Wat ze vervolgens niet deed. Het pad dat Berthe Morisot insloeg was, ondanks alle verwantschap tussen hen, een heel ander pad dan dat van Manet. Voordat ze haar kunstenaarschap als een roeping voor zichzelf durfde te erkennen (haar veelbelovende zus Edma was uiteindelijk keurig getrouwd en had haar penseel opgehangen, zoals van haar werd verwacht), heeft ze veel onzekerheid en ontmoediging moeten overwinnen; haar eigen moeder herinnerde haar er regelmatig aan dat haar werk altijd onverkoopbaar zou blijven. Meer dan Manet zocht zij in haar werk de vluchtige indruk, het intieme moment, in landschappen en later meer tussen mensen, zoals in het intieme en afstandelijke portret van haar echtgenoot Eugène Manet (ja, de broer van) tijdens hun huwelijksreis op de Eiland Wight.
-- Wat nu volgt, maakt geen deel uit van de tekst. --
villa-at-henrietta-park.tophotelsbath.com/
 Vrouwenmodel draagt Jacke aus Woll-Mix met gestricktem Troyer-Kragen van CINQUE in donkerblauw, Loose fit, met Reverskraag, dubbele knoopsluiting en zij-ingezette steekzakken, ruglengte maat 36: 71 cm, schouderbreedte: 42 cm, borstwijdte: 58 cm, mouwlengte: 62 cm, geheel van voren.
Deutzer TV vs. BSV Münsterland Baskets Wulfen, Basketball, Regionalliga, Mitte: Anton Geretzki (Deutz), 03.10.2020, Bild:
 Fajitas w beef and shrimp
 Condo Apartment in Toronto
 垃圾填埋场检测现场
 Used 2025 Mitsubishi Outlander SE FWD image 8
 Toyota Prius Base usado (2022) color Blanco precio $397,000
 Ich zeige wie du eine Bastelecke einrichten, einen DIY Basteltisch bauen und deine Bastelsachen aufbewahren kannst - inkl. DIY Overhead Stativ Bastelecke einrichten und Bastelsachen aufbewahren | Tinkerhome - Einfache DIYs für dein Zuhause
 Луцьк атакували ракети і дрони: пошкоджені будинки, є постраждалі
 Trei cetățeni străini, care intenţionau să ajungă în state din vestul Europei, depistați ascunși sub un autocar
Was het impressionisme, na al zijn honger en wreedheid, levensbevestigend, een koestering van de alledaagse geest van de dingen? Of was het vooral escapisme, een apolitieke ontsnapping aan de werkelijkheid? Smee komt er niet uit. Het zijn ook geen nieuwe feiten Verscheurd Parijs het moet hebben. Smee baseert zich vrijwel geheel op het werk van anderen, voor het merendeel Angelsaksische critici en historici. De kracht van zijn boek ligt in de werkelijk meeslepende wijze waarop Smee zijn twee hoofdpersonen in hun roerige wereld portretteert. Hierdoor komen zowel hun persoonlijkheden als de turbulente geschiedenis van Parijs aan het einde van de negentiende eeuw in een nieuw licht te staan.